#### What you need to do:
Output the data below exactly, without images.

#### Scraped caption text data:
- - -

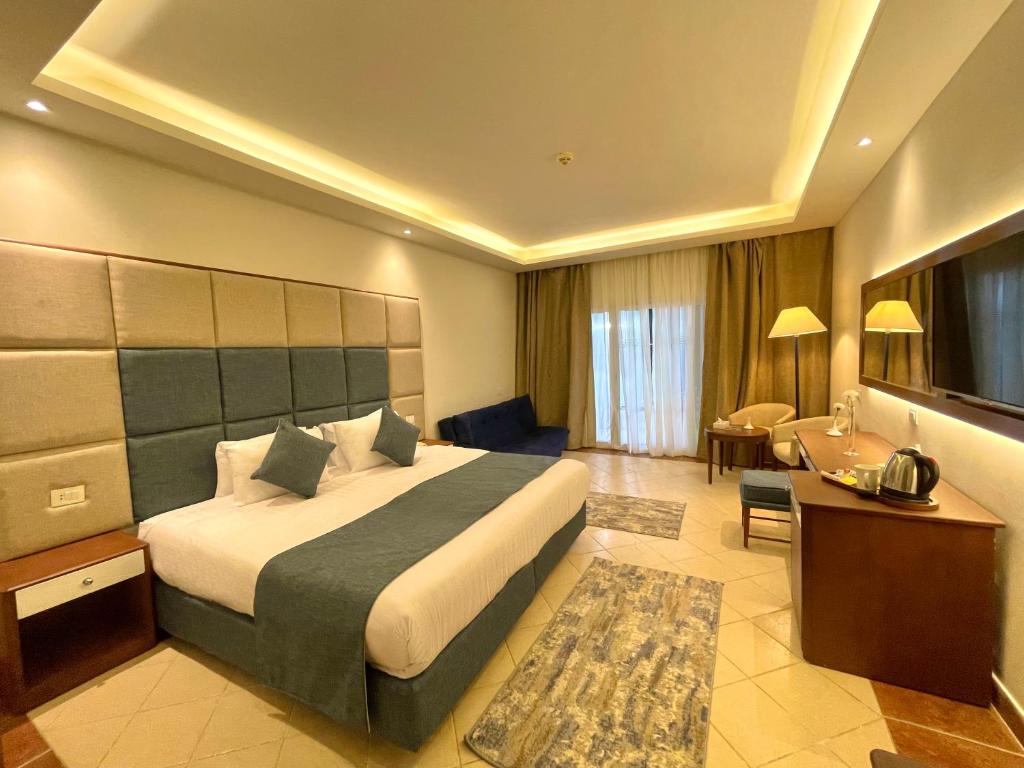 Sharm - Bronze - 23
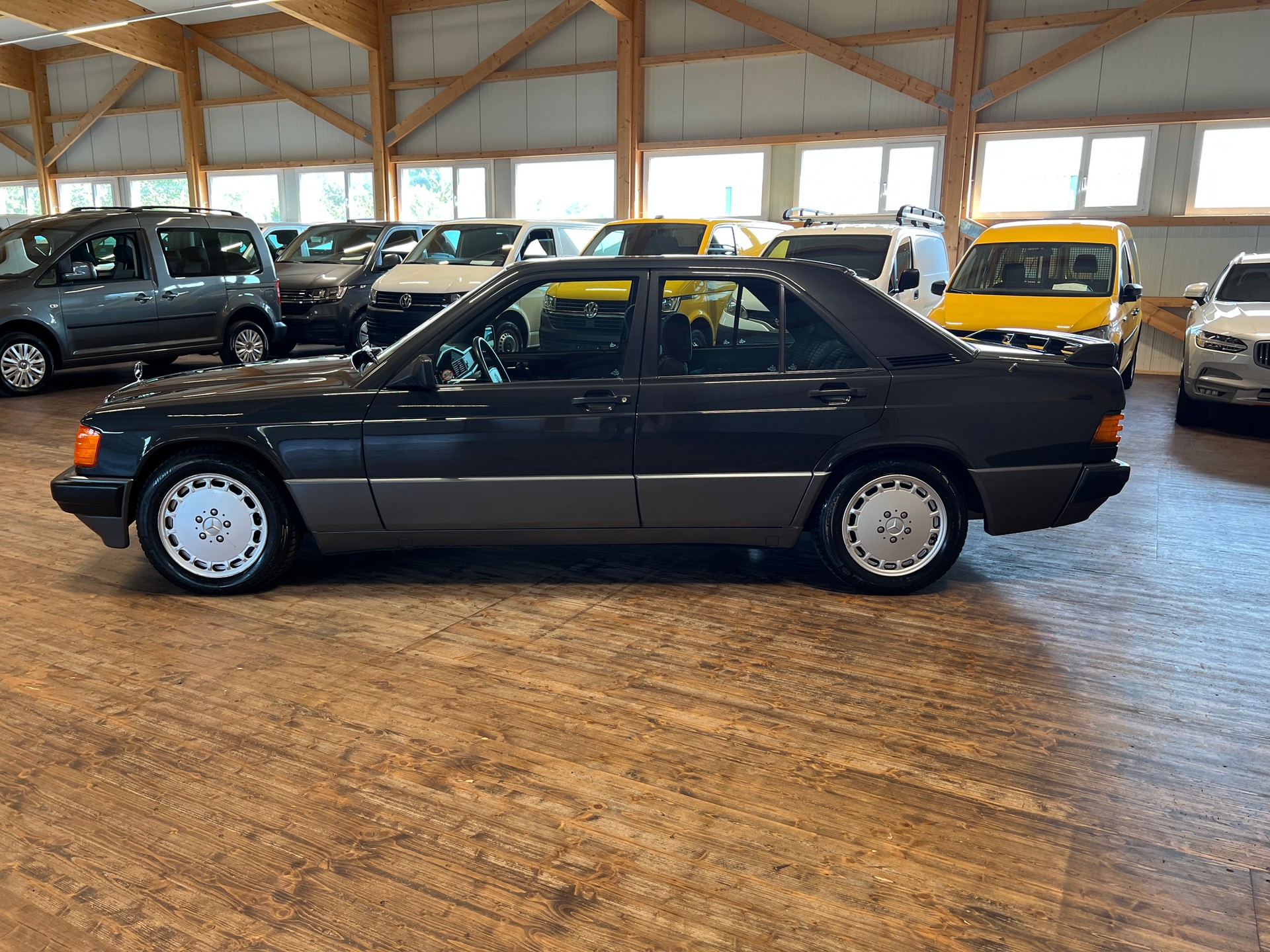 MERCEDES-BENZ 190 E 2.6-image-7
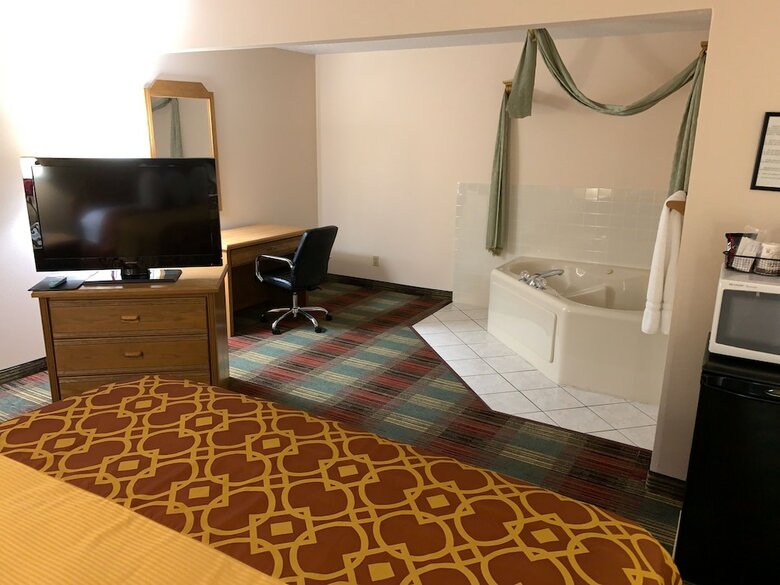 Motel Budgetinn & Suites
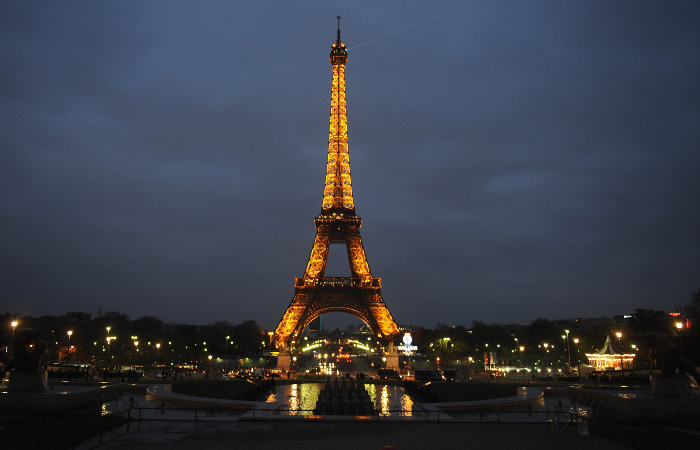 Эйфелеву башню откроют для посетителей 16 июля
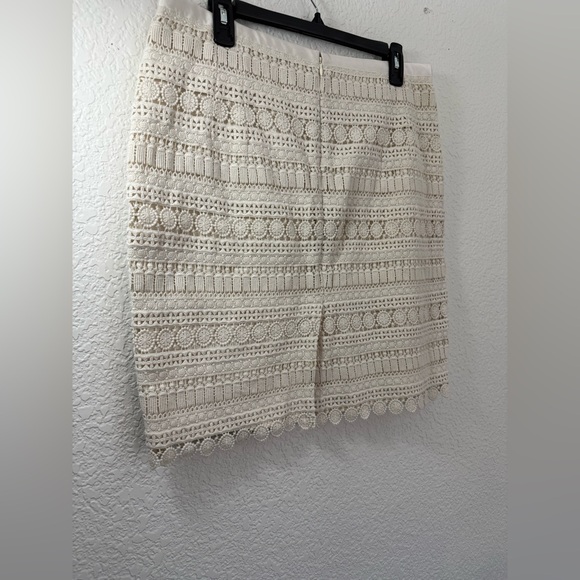 Tommy Hilfiger Cream Crochet Lace Mini Skirt |Preppy Coastal - Picture 10 of 16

- - -

#### Exercise output:
 Sharm - Bronze - 23
 MERCEDES-BENZ 190 E 2.6-image-7
 Motel Budgetinn & Suites
 Эйфелеву башню откроют для посетителей 16 июля
 Tommy Hilfiger Cream Crochet Lace Mini Skirt |Preppy Coastal - Picture 10 of 16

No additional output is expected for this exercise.